Short web captions
--------

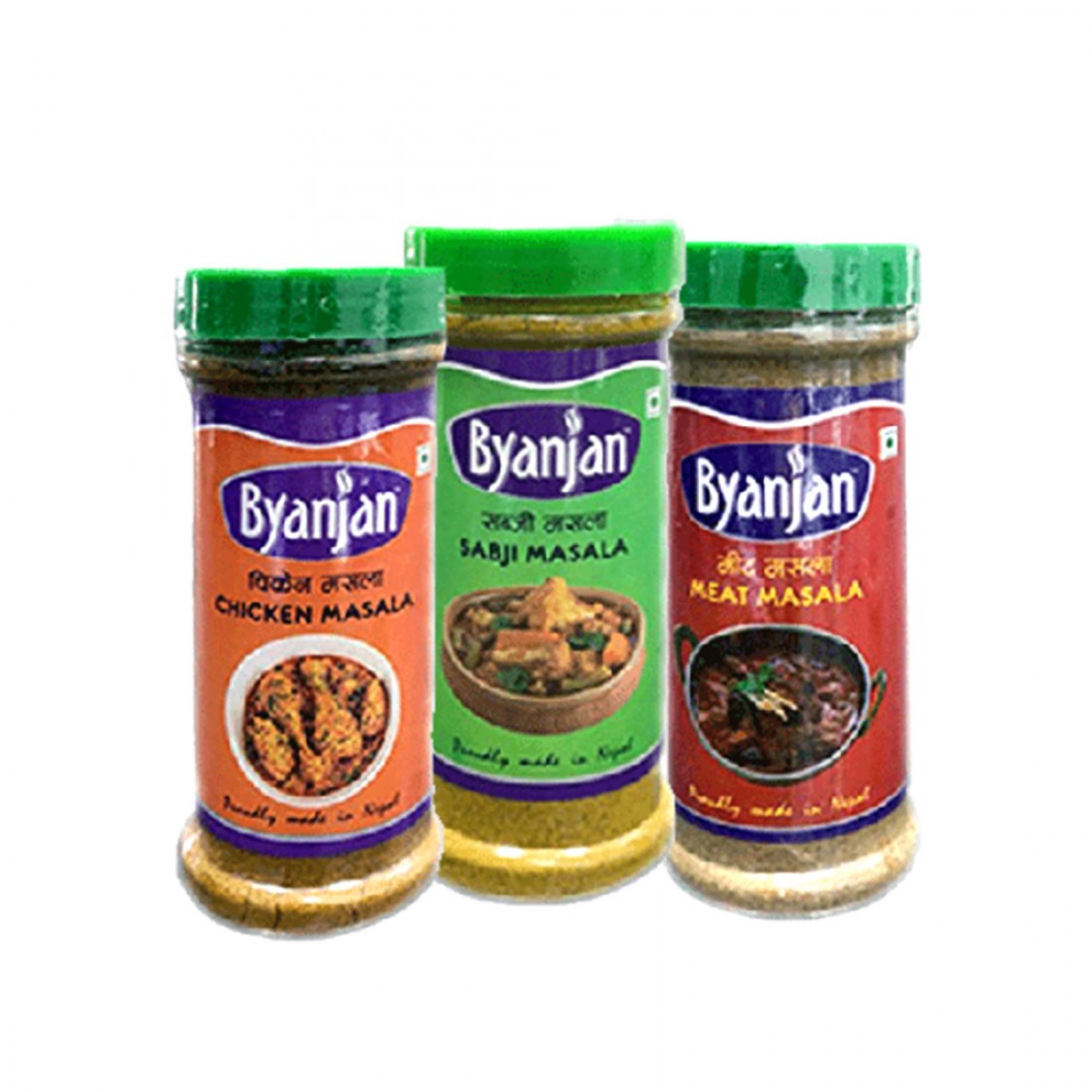 Byanjan Masala Pack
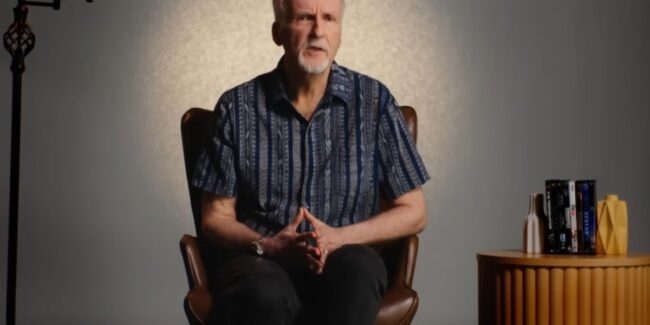 James Cameron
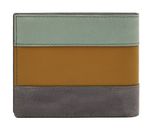 FOSSIL Everett Bifold Flip ID Sage FOSSIL Everett Bifold Flip ID Sage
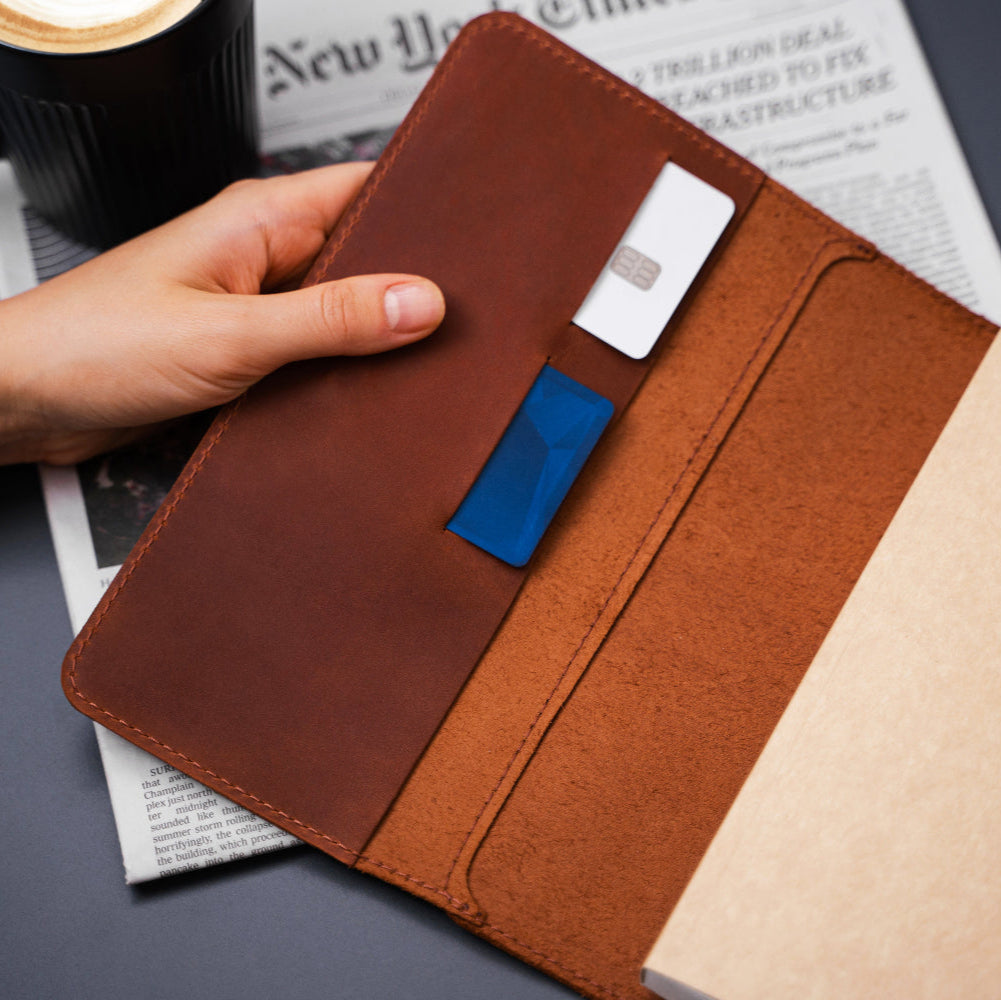 classic journal cognac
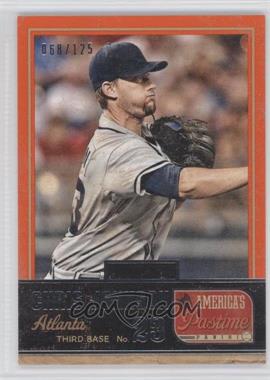 2013 Panini America's Pastime - [Base] #83 - Chris Johnson /125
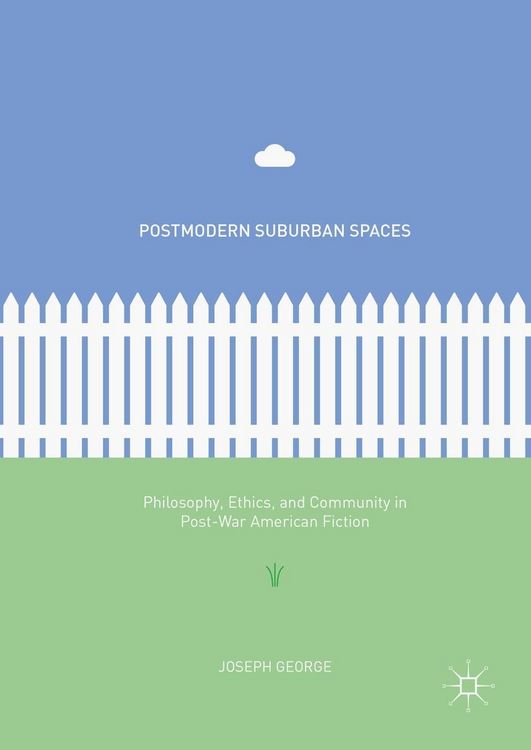Produktbild: Postmodern Suburban Spaces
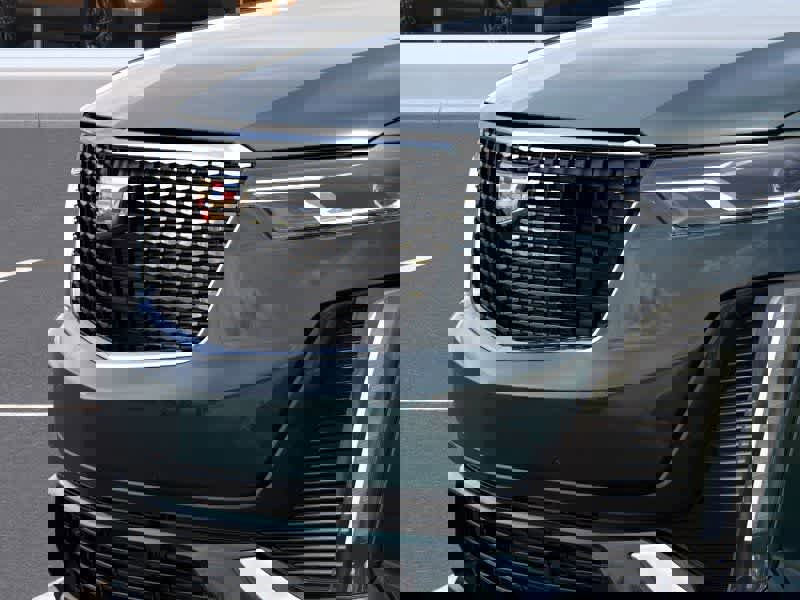 New 2025 Cadillac XT6 Premium Luxury w/ LPO, Floor Liner Package image 13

--------

• **Exercise objective**: Your copy should match every record exactly and contain no pictures.

• **Task result**:
 Byanjan Masala Pack
 James Cameron
 FOSSIL Everett Bifold Flip ID Sage FOSSIL Everett Bifold Flip ID Sage
 classic journal cognac
 2013 Panini America's Pastime - [Base] #83 - Chris Johnson /125
Produktbild: Postmodern Suburban Spaces
 New 2025 Cadillac XT6 Premium Luxury w/ LPO, Floor Liner Package image 13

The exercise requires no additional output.